コンテンツ内では論理的な見出し階層を維持し、h2 から h4 へ飛ばさないようにしましょう。目次はドキュメント構造を反映するため、見出しレベルにギャップがあるとすべてのユーザーにとって分かりにくいナビゲーションになります。
IntersectionObserver でアクティブなセクションをハイライトする
現在表示中のセクションをハイライトするには、スクロールイベントリスナーではなく IntersectionObserver API を使用します。

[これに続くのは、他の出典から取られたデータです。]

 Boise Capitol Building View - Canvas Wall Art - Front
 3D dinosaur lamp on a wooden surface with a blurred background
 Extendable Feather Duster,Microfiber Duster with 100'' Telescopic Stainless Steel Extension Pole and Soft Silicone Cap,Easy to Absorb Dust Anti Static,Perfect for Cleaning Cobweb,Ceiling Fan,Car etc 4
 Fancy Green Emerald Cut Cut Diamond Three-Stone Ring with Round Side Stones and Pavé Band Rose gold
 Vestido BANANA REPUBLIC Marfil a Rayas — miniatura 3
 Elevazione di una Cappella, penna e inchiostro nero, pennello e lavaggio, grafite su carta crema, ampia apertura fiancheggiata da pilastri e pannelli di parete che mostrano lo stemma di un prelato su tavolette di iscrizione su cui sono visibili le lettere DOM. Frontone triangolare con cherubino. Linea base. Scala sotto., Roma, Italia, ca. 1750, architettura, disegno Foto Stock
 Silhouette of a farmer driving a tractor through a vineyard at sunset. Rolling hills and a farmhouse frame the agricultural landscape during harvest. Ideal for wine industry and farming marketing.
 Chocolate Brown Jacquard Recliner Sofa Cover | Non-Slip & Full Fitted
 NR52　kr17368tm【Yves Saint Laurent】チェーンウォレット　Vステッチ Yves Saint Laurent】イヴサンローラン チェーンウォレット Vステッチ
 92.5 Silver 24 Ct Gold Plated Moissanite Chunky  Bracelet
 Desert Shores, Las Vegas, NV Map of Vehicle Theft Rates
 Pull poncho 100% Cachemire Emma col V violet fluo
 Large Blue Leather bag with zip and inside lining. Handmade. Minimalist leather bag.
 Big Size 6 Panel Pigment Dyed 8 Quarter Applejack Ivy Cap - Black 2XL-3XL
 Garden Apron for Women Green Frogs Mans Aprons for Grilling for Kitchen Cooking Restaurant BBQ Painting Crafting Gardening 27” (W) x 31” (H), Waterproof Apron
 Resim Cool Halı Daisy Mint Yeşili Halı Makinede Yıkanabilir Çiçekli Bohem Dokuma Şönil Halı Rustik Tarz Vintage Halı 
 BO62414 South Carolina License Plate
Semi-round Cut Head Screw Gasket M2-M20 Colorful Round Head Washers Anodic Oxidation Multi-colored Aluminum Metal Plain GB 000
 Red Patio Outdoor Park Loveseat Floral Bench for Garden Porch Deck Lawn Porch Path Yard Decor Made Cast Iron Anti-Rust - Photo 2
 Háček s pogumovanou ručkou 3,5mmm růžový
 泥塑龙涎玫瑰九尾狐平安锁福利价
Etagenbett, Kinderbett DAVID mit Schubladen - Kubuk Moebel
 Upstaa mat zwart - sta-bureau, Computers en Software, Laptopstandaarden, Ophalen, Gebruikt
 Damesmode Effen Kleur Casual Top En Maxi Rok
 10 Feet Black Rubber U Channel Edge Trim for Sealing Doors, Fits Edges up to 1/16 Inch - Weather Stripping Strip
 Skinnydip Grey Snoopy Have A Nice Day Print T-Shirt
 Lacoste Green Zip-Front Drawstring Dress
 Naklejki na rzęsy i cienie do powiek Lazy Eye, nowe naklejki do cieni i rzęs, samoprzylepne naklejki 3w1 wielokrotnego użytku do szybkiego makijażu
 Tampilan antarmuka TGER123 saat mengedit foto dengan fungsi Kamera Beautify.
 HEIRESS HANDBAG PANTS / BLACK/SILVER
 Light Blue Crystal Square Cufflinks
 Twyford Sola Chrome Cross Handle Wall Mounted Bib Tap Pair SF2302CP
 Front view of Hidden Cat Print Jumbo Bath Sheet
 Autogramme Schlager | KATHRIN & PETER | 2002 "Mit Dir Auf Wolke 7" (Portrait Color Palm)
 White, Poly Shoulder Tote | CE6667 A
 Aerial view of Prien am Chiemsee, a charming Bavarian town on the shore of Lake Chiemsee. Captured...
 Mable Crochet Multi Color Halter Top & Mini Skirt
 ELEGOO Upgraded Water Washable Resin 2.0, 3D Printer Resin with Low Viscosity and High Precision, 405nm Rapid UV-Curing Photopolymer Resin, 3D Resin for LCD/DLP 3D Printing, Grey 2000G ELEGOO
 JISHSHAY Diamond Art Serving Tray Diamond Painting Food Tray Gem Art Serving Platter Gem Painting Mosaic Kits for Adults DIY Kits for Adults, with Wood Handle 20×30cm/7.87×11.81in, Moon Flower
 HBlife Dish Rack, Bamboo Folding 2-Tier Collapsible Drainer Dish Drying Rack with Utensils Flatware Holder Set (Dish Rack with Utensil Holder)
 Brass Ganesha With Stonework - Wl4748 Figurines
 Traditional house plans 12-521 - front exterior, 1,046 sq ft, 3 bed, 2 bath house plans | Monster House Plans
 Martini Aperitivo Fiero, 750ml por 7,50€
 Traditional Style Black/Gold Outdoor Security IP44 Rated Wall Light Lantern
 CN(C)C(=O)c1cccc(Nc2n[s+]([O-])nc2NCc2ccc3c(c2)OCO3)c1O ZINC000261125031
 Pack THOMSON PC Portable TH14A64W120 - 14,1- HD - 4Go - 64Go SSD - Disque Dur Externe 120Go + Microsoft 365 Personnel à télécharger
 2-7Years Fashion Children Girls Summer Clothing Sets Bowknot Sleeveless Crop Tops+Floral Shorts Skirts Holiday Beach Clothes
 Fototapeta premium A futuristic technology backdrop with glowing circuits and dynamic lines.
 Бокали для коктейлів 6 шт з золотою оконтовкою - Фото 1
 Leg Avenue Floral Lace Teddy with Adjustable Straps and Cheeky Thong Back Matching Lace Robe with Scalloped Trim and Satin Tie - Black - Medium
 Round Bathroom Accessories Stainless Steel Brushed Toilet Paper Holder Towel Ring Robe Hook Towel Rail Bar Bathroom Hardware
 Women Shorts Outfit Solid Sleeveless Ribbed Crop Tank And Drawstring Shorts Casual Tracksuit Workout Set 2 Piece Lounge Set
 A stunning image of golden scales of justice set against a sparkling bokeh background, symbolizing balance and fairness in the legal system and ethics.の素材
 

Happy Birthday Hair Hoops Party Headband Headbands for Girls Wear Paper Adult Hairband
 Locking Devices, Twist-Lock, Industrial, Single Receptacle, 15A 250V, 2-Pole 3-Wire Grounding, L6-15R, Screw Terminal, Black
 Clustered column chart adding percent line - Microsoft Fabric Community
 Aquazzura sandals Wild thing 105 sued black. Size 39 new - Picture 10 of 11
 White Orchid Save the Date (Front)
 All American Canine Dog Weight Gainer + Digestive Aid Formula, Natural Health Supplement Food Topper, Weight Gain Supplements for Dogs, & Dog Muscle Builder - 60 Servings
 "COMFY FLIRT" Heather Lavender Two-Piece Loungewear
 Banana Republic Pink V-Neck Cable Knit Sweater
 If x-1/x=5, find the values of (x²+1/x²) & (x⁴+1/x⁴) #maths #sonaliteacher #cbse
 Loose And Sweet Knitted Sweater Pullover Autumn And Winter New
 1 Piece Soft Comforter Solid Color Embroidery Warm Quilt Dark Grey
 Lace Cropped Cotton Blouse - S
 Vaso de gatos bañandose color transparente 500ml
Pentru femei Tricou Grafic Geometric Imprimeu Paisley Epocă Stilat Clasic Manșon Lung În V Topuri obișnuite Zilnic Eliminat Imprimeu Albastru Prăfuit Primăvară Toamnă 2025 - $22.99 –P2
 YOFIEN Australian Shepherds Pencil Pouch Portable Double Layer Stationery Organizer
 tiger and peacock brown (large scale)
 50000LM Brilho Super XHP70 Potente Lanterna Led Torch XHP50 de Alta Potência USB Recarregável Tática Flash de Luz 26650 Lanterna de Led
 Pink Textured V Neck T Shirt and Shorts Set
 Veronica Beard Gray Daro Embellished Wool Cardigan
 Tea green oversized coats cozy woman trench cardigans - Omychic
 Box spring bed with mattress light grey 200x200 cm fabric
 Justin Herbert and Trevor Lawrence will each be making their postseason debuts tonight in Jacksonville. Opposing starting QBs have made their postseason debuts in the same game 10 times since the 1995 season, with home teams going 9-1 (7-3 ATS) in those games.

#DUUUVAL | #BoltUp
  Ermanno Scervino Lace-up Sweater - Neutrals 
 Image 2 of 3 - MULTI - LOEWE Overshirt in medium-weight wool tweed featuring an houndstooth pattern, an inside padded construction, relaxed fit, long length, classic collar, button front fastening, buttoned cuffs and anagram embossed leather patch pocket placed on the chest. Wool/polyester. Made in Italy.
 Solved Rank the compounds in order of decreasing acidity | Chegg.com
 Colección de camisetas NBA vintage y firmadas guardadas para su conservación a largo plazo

const observer = new IntersectionObserver(entries => {
entries.forEach(entry => {
const id = entry.target.getAttribute('id');
const link = document.querySelector(`nav a[href="#${id}"]`);
if (link) link.classList.toggle('active', entry.isIntersecting);
});
}, { rootMargin: '0px 0px -80% 0px' });
document.querySelectorAll('article h2, article h3').forEach(h => observer.observe(h));
rootMargin で検出ゾーンを縮小し、見出しがビューポート上部付近に来たときにのみアクティブとしてマークされるようにしています。このアプローチはスロットリングされたスクロールハンドラよりも高パフォーマンスで、ほとんどの静的ページではクリーンアップ処理も不要です。IntersectionObserver はすべてのモダンブラウザでサポートされています。
スムーズスクロール
JavaScript を一切使わず、ページ全体にスムーズスクロールを有効化するには、次の 1 行の CSS ルールを追加します。
html {
scroll-behavior: smooth;
}
scroll-behavior プロパティはすべてのモダンエバーグリーンブラウザでサポートされています。
まとめ
動作する JavaScript 目次に必要なのは 4 つの要素です。スコープを絞った見出しの選択、衝突しない ID 生成、アクセシブルな目次生成のためのセマンティックな <nav> ラッパー、そして DOMContentLoaded のタイミングです。IntersectionObserver の拡張は任意ですが、最小限のコードで意味のある UX を加えてくれます。
このパターンは、あらゆる静的サイト、ドキュメントページ、ブログで機能します。ビルドステップも依存関係もフレームワークも必要ありません。
FAQ
どちらでも機能しますが、クライアント側生成の方がシンプルで、ロジックが 1 箇所にまとまります。SEO が重要なページや JavaScript が無効化される可能性がある場合は、アンカーリンクと見出し ID が初期 HTML に含まれるサーバーサイドレンダリングが望ましいでしょう。ほとんどのブログやドキュメントサイトでは、DOMContentLoaded を用いたクライアント側生成で十分です。
新しい ID を生成する前に、既存の id をチェックしてください。見出しに手動で割り当てられた id がある場合は、それを再利用することで外部リンクやブックマークが機能し続けます。heading.id があれば既存の値を使用し、なければ uniqueSlug を呼ぶといった条件分岐を追加しましょう。これにより著者の意図が保たれ、特定セクションへのインバウンドリンクが壊れることを防げます。
スクロールイベントは 1 秒間に何十回も発火し、その都度レイアウト計算を強制するため、特にモバイルでパフォーマンスを損ないます。IntersectionObserver は可視性の変化を非同期に監視し、実際に変化があったときにのみ発火します。また、スロットリングやデバウンスのロジックを自分で書く必要なく、しきい値やマージンを宣言的に設定できる点でも扱いやすいです。
反復処理中に現在の見出しレベルを追跡します。次の見出しがより深いレベルの場合、直前の li の中にネストされた ol を作成します。より浅いレベルなら、親チェーンを遡ります。見出しレベルでインデックス付けされたリスト要素のスタックを保持することで、ロジックがクリーンに保たれ、各レベルをハードコーディングすることなく任意のネスト深度をサポートできます。